Si producimos lo que producen los demás ganaremos
poco dinero porque nuestra producción será demasiado abundante y barata.
Desde muy pequeños recibimos
las primeras señales de que «sobre gustos no hay nada escrito», es
decir, nos vamos enterando de a poco que nuestros gustos, preferencias,
necesidades y deseos suelen ser diferentes a los de otras personas.
Pero esta información que recibimos no tiene la fuerza suficiente como
para convencernos de que nuestras preferencias no son universales sino que son
muy personales, individuales, propias. Algunos seres humanos quizá quieran lo
mismo que nosotros pero la mayoría prefiere otras cosas muy variadas.

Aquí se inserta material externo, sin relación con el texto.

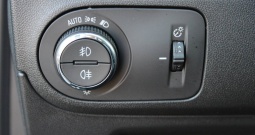 Opel Crossland 1.2 Turbo Ultimate *LED, NAVIGACIJA, KAMERA*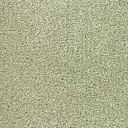 Ковролин Radici Montecarlo 63  | FLOORDEALER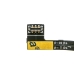 Mobiltelefonbatteri Alcatel CS-ALT780SL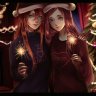 nastya_goldman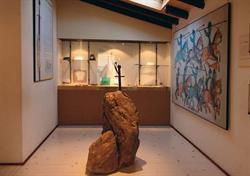 Museo Archeologico Medievale, Attimis orari di apertura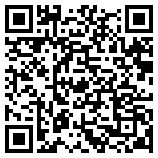 QR Code for Quality Inn in Ridgeland, SC 29936
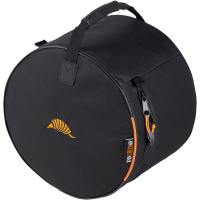 Tobago Housse pour Tom de 10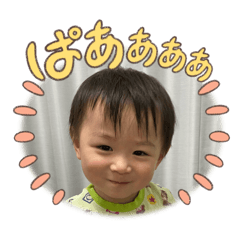 CHIHARU_20250202102359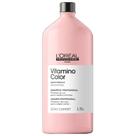 Loréal Professionnel Serie Expert Vitamino Color Resveratrol Shampoo 1,5 Litro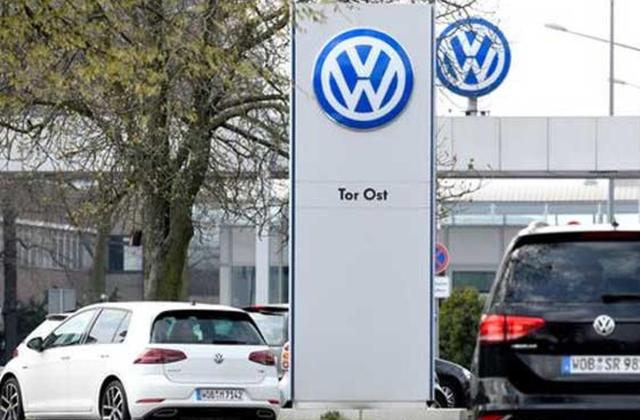 Kekurangan Mobil Volkswagen
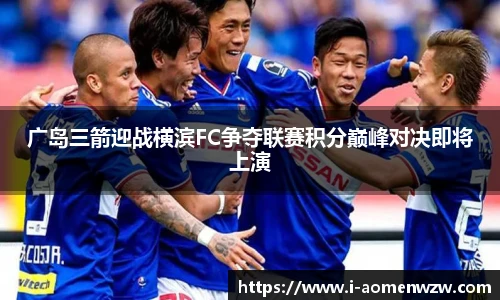 王中王资料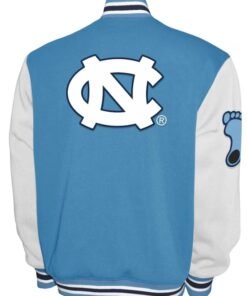 Franchise Club Carolina Tar Heels Jacket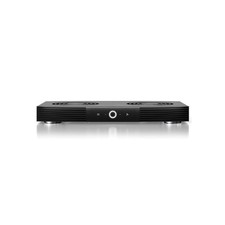 AC Infinity AIRCOM S7, Quiet Cooling Fan Syst...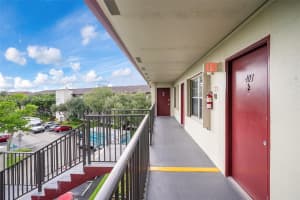 13255 SW 7th Ct 403D, Pembroke Pines, FL 33027 - MLS#A11868313
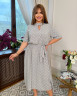 Сукня жіноча (48-50, 52-54, 56-58 р.) P101208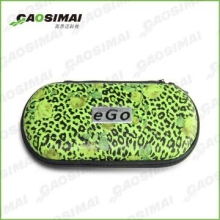Wholesale ego pouch ego pouch with zipper case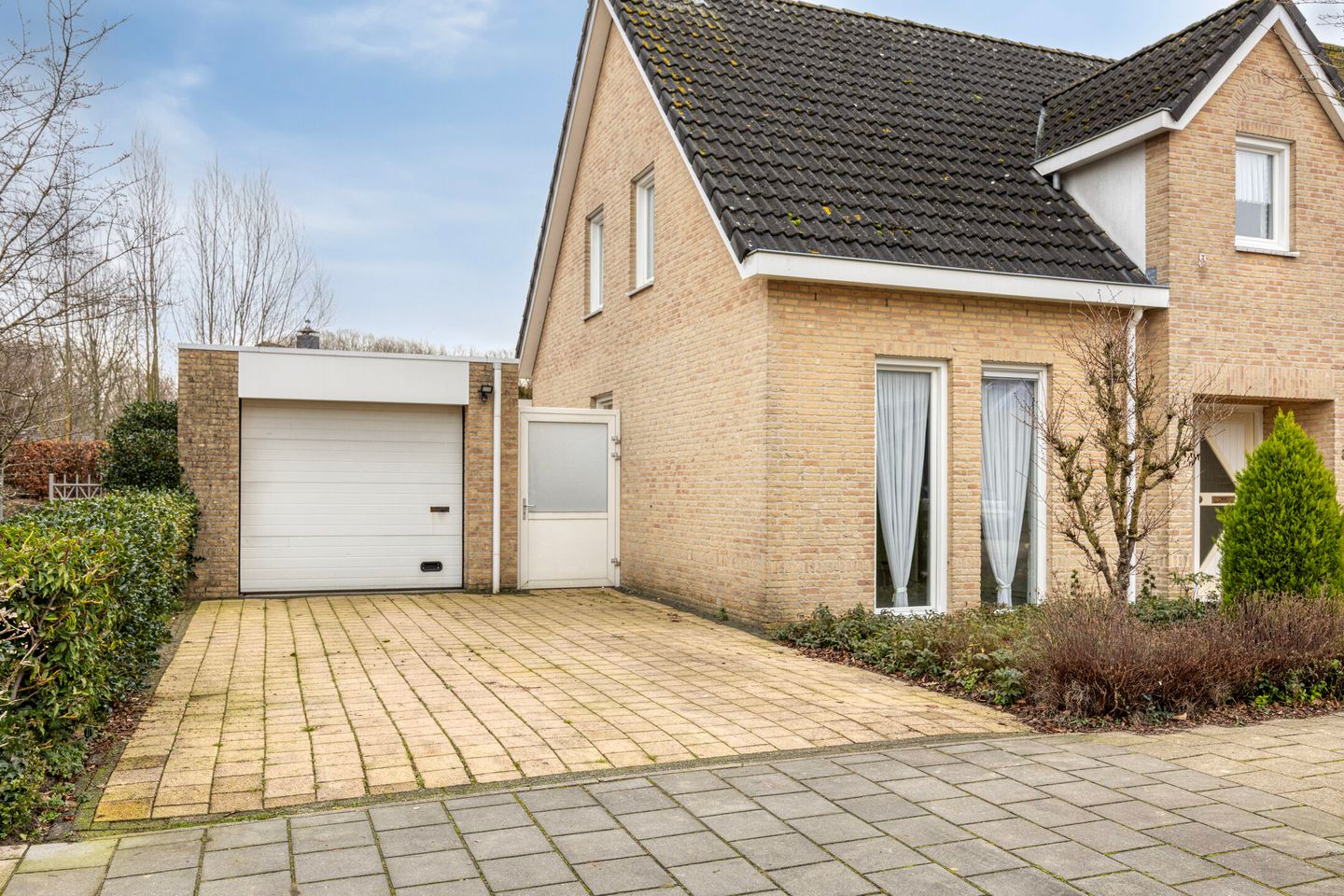 Foto 50 van Zwaluw 3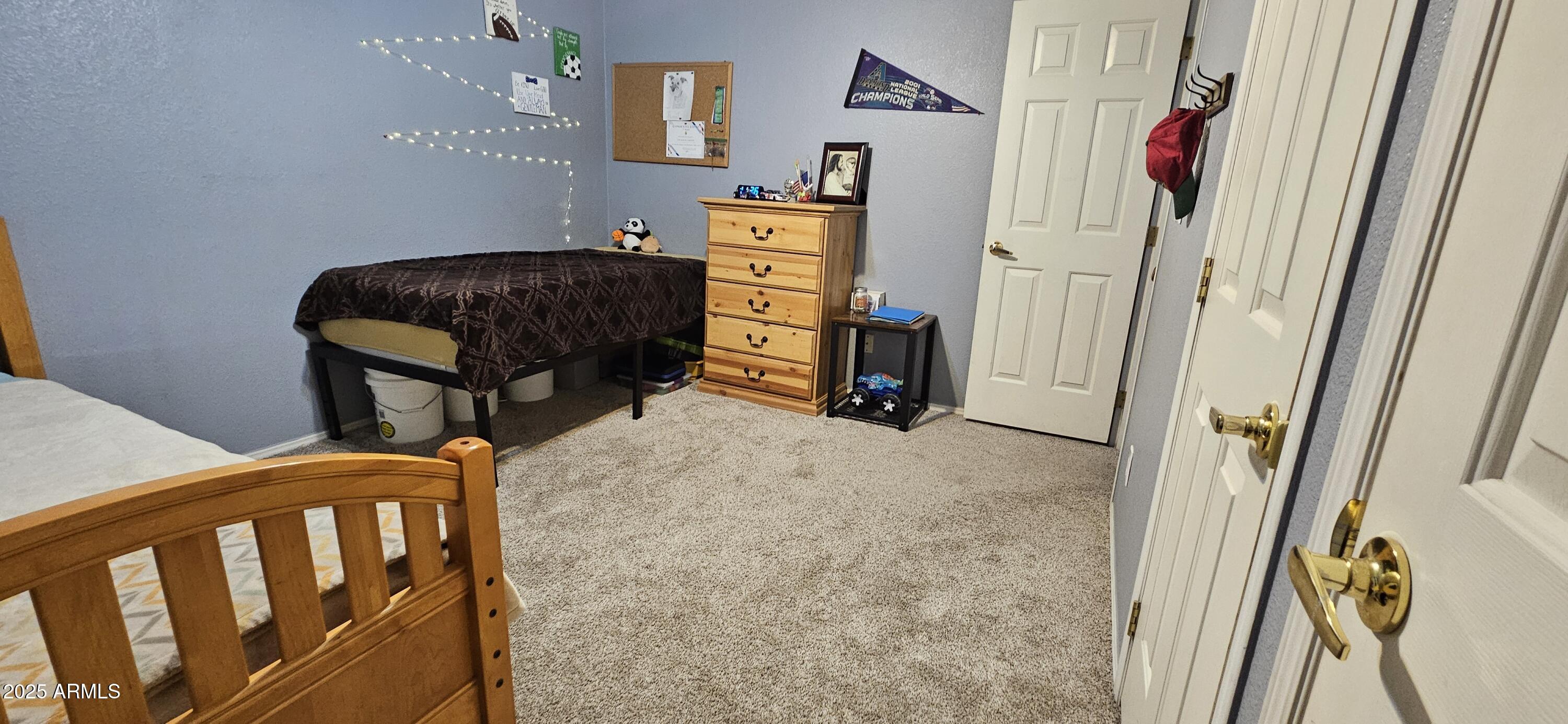 Photo #16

La discrepancia entre lo que nos gusta y el gusto del resto de los
ejemplares de la especie, suele ser, si lo ordenamos de menor a mayor:
discretamente incómoda, molesta, irritante, muy dolorosa, amenazante, terrible,
insoportable, mortífera.
Efectivamente, nos cuesta mucho reconocer la falta de consenso que tienen nuestras ideas, gustos, opiniones, puntos de vista,
convicciones, creencias, prejuicios.
Nos cuesta creerlo porque
necesitamos sentirnos normales y para nosotros es normal, sano, aceptable,
correcto, obligatorio, que todos seamos iguales, o más precisamente, que los
demás sean idénticos a nosotros.
Está en la base de nuestros
temores entender que lo que pensamos no está legitimado por la unanimidad de
los demás seres humanos. Como además nos cuesta reconocer un eventual error de
nuestra parte, entonces sentimos que los demás están equivocados y que son
potenciales enemigos en tanto «tengo la certeza de
cuánta agresividad siento hacia esos que son diferentes a mí».

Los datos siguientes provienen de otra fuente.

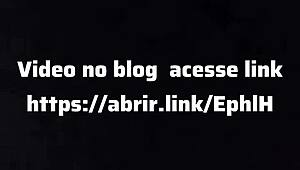 The girl fucks the married guy in assfucking anal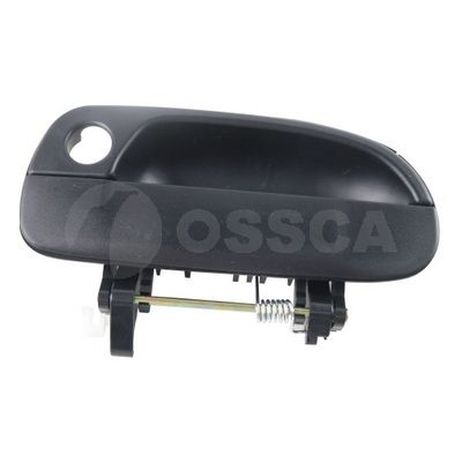 фото OSSCA 64308 Наружная ручка двери OSSCA 64308 Наружная ручка двери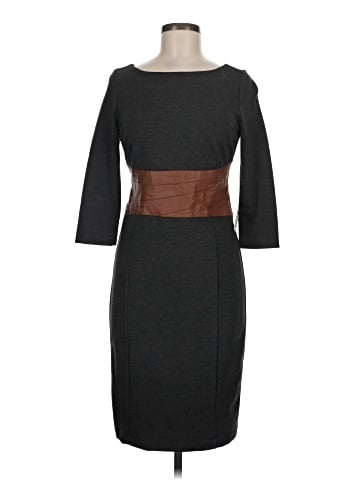 Venus Casual Dress (view 1)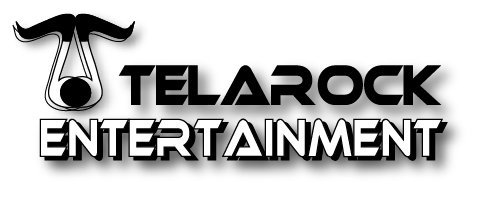 TelarockEnt's profile picture. Independent Label: Recording Studio publishing, film scoring. music composition. Vocal & musical Talent arts orchestra booking, food & events, music, shows. ask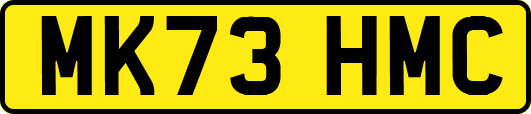 MK73HMC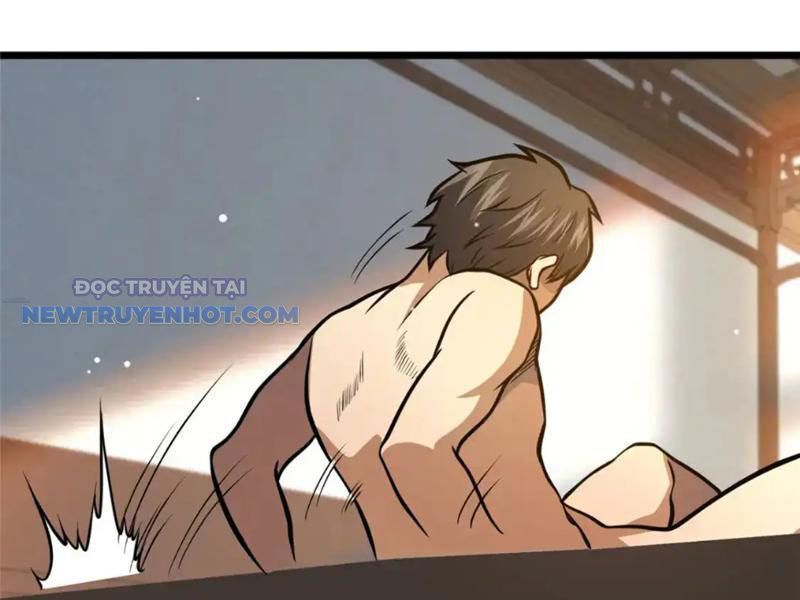 Chapter 133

Resulta pues que nos sentimos
cómodos con nuestros iguales y amenazados por quienes piensan diferente.
En lo que refiere a cómo
podemos ganarnos la vida, si hacemos lo que hacen muchos nos sentiremos
normales pero nuestra producción tendrá escaso valor. Para ganar lo necesario
necesitamos ser algo diferentes y a-normales.